Chômeurs « âgés » et chômeurs de longue durée
C’était d’ailleurs l’objet d’un débat vendredi dernier sur Europe 1 animé par Nicolas Poincaré autour des seniors : quel avenir pour les plus de 50 ans dans le monde du travail ?
« La grande erreur ça a été de faire la retraite à 60 ans pour tous, ce qu’il fallait faire c’est la retraite ouvrière à 60 ans, couplée avec des retraites avancées en cas de pénibilité tout à fait manifeste », a clamé, lors de cette émission, François de Closets.

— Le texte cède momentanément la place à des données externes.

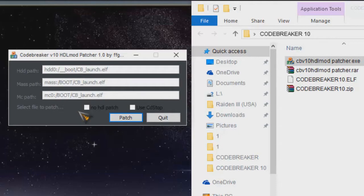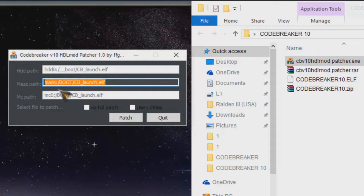I've had trouble booting Code Breaker off my memory card — for some reason it just won't work for me. I'm using a fat PS2, and I notice some guys on YouTube are using PS2 slims, so I'm not sure if that has anything to do with it. But I've had tons of luck using my hard drive, so if you guys have the same problem, just get a flash drive or a hard drive and do it this way.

” En France nous pratiquons une folie : le salaire à l’ancienneté “
Pourquoi dans les entreprises a t-on tendance à pousser vers la porte les « cheveux gris » ? Pour lui, ce n’est pas seulement les préjugés sur le manque de dynamisme et de créativité des seniors, mais le fait qu’en France nous pratiquons une folie : le salaire à l’ancienneté !
En effet, l’écart de salaires entre les trentenaires et les quinquagénaires n’a cessé de se creuser au fil des décennies.
« Dans la vie, là où on a le plus de besoins, d’avoir les revenus les plus élevés, c’est à 40 ans pas à 60 ans », avance le journaliste et essayiste.
« C’est justement les limites de la structure pyramidale qu’ont les entreprises aujourd’hui. Si le seul cheminement c’est, monter ou dehors, ça ne fonctionne plus. Et justement avec tous les réseaux sociaux et l’avènement du pouvoir latéral, on est en train de réfléchir à ce qu’il y ait des cheminements qui se promènent le long de la montagne plutôt que d’aller directement au sommet et d’être éjecté. Changer de métier plutôt que de toujours progresser, apprendre d’autres choses, pouvoir se renouveler. Il faut favoriser les parcours latéraux », a défendu Anne Thevenet-Abitbol, Directrice Prospective et Nouveaux Concepts chez Danone, entreprise à l’initiative du programme Octave
Ce programme inter-entreprises de leadership inter-générations, vise à la construction d’individus forts et inspirants qui porteront le changement dans l’entreprise parce qu’ils sauront prendre en compte les différences de comportements, d’attitudes, et d’aptitudes des différentes générations.
Le souhait est de mettre en place de nouvelles pratiques pour permettre à chaque génération de maximiser son potentiel. Bref, tout un programme… bien au delà d’un simple contrat de génération.